Local achievements of modeling

What Menelaos does on the island of Pharos is interesting. He cannot out-think Proteus. He cannot anticipate the next form. He can only hold through the lion, the serpent and the running water until the god has nothing left to become.

This is a different competence than the one we were trained for. School taught us to solve. Work taught us to forecast. The whole apparatus of modern decision-making is built on the assumption that the right amount of thought, applied early enough, will let us see around the next corner. In a protean world the road reshapes itself as you walk it.

What you can do instead is stay. Stay engaged with a situation that keeps changing under you. Stay invested in a relationship that keeps shifting. Stay in a career whose meaning will not be the same in ten years as it was when you started. The skill is not prediction. The skill is endurance in and through transformation.

Circling back to risk. The tools we have for calculating it are powerful. But we must not forget that reality is always uncertain. Risk and ambiguity are local achievements of modeling. We tend to imagine it the other way around. We imagine that the world is fundamentally measurable and that uncertainty is what is left over when measurement fails. What we call risk is what happens when, for a while, in a particular domain, the structure holds still long enough to be described.

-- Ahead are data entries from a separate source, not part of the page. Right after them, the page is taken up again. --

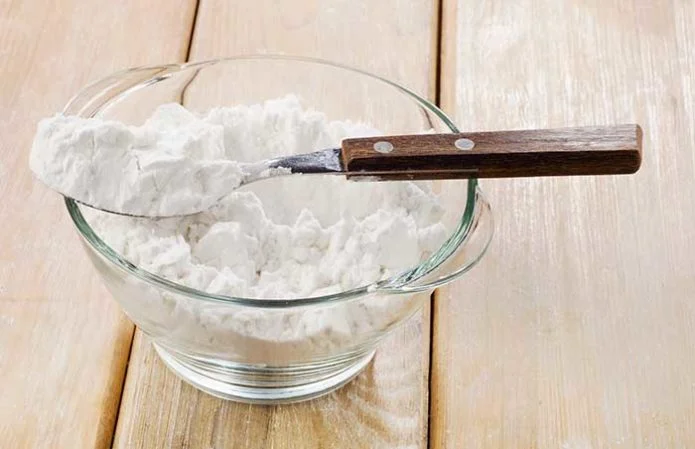 potato starch in a glass bowl on wooden table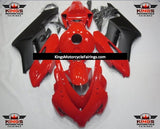 Red and Matte Black Fairing Kit for a 2004 and 2005 Honda CBR1000RR motorcycle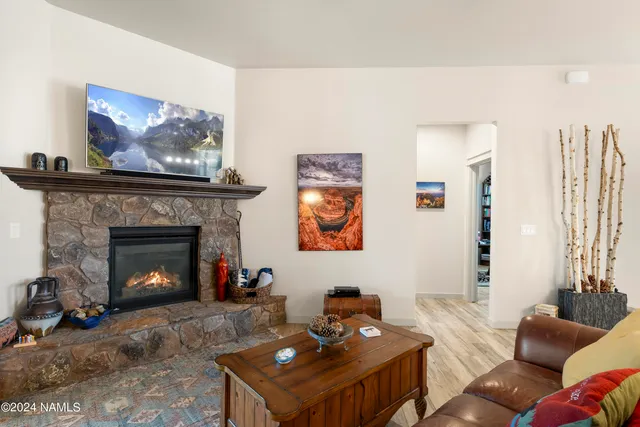 a living room with furniture a fireplace and paintings on the wall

So when a model produces clean probabilities, this is not the world revealing itself. It is a small region of the world, briefly, allowing itself to be approximated. The probabilities are real inside the model. The model is real inside its conditions. The conditions hold until they don't. Taleb calls this Platonicity, our preference for the clean, well-defined form over the rough thing it claims to represent.

Living well in a protean world means using risk models where they earn their keep and remembering, always, that they are local. The map is accurate over a small patch of ground. Step off the patch and the map is a piece of paper.

What the myth ends with

The myth ends with the prophecy. Proteus speaks. Menelaos gets him there by his willingness to hold on through the transformations, without letting go and without forcing the god into a form he has not yet given.

Uncertainty has a shape and the shape, once you can see it, is something you can hold. Not capture. Hold.

References

Homer. (1919). The Odyssey (A. T. Murray, Trans.). Harvard University Press. (Original work composed ca. 8th century BCE)

Kay, J., & King, M. (2020). Radical uncertainty: Decision-making beyond the numbers. W. W. Norton.

Knight, F. H. (1921). Risk, uncertainty and profit. Houghton Mifflin.

Lempert, R. J., Popper, S. W., & Bankes, S. C. (2003). Shaping the next one hundred years: New methods for quantitative, long-term policy analysis. RAND Corporation.